Meeting the Challenge – Transport Expert Todd Litman: ‘Congestion Pricing’ to Include Entire Regions (Part 3 of 3)
Editor’s Note: Meeting the Challenge is an open-ended series from EnergytechStocks.com intended to build a blueprint for how the world can meet the incredible increase in all forms of energy that will be needed by 2030 without endangering the environment or nations’ security. In this series, recognized experts share their ideas and important new investment themes (including some that could turn out to be worth billions of dollars) emerge.
Posted: October 3, 2007
You’ve probably heard about New York City Mayor Michael Bloomberg’s plan to make motorists pay extra for using city streets during periods of peak demand. San Francisco, Seattle and other U.S. cities are considering what’s called “congestion pricing.” Around the world, London, Seoul and Singapore are among the cities that have already embraced the idea.

Todd Litman of the Victoria Transport Policy Institute in Canada says Mayor Bloomberg should think even bigger.
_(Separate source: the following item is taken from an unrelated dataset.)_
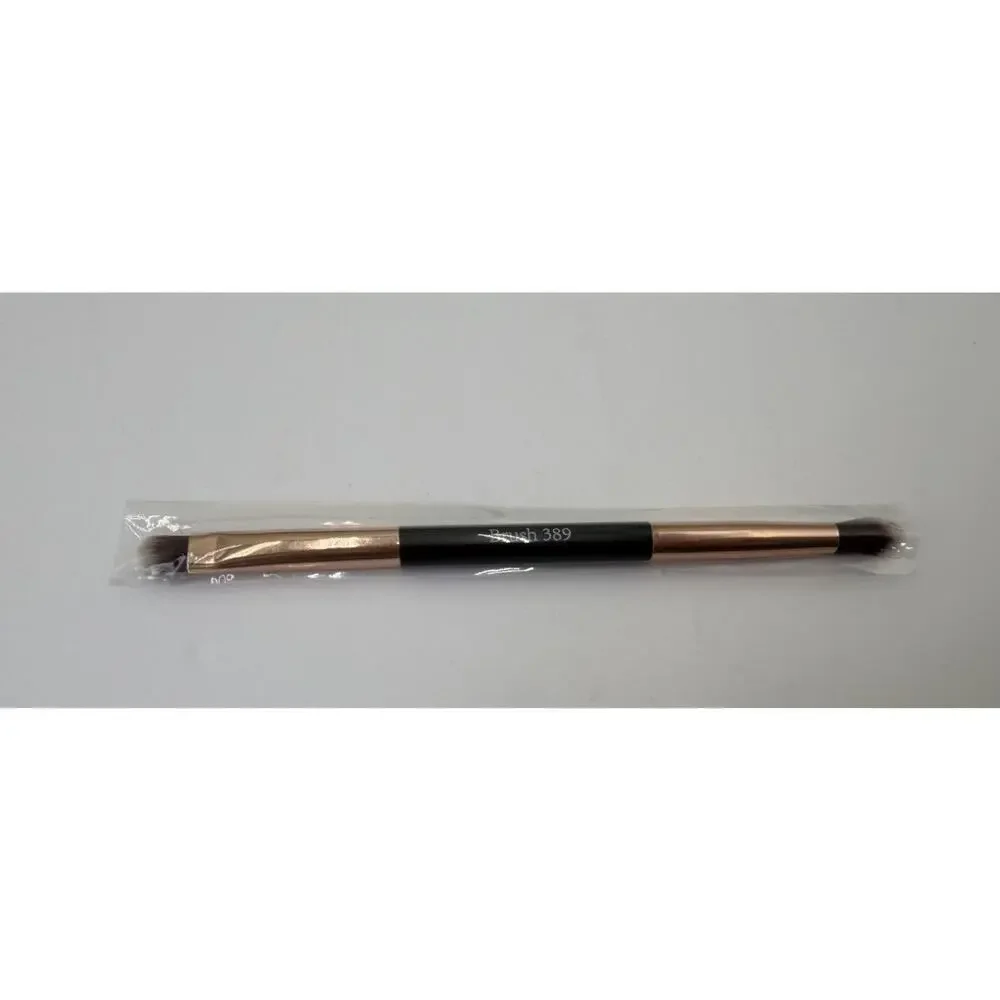 Aisling Organics Dual-Sided Luxe Makeup Shadow Brush- NEW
Not just individual cities but entire regions that are routinely congested with traffic should be incorporated into large congestion pricing zones.
Litman explained that doing so would not entail turning more highways into toll roads. Rather, vehicles would be tracked using satellite technology, with motorists paying more the closer they got to the middle of a congested zone such as, for example, midtown Manhattan. Litman said this sort of tracking technology already exists, as do safeguards for protecting motorists’ privacy.
Litman noted that as much as the New York metropolitan area might benefit from a tri-state congestion pricing plan that included northern New Jersey and southeastern Connecticut, other cities might benefit even more. That’s because New York City already has a quasi system in place (i.e., bridges and tunnels that require tolls), whereas in and around a city like Boston, drivers can just keep moving closer and closer to the center of congestion without having to pay anything.
Region-wide congestion parking is another important aspect of Litman’s overall plan for saving oil and lives and cutting down on air pollution, all by making the current road transport system more efficient. In the first and second parts of this series, Litman described his idea for altering how auto insurance premiums are determined to reward drivers for every mile they don’t drive, and his idea for giving commuters the option of getting paid to not drive to work.
Litman said that each of these three ideas is increasingly being implemented, but not nearly to the extent of making a serious dent in global gasoline consumption. As much as energy conservation would benefit, he added, the impact on the environment, along with a reduction in auto-related fatalities, would be even greater societal benefits.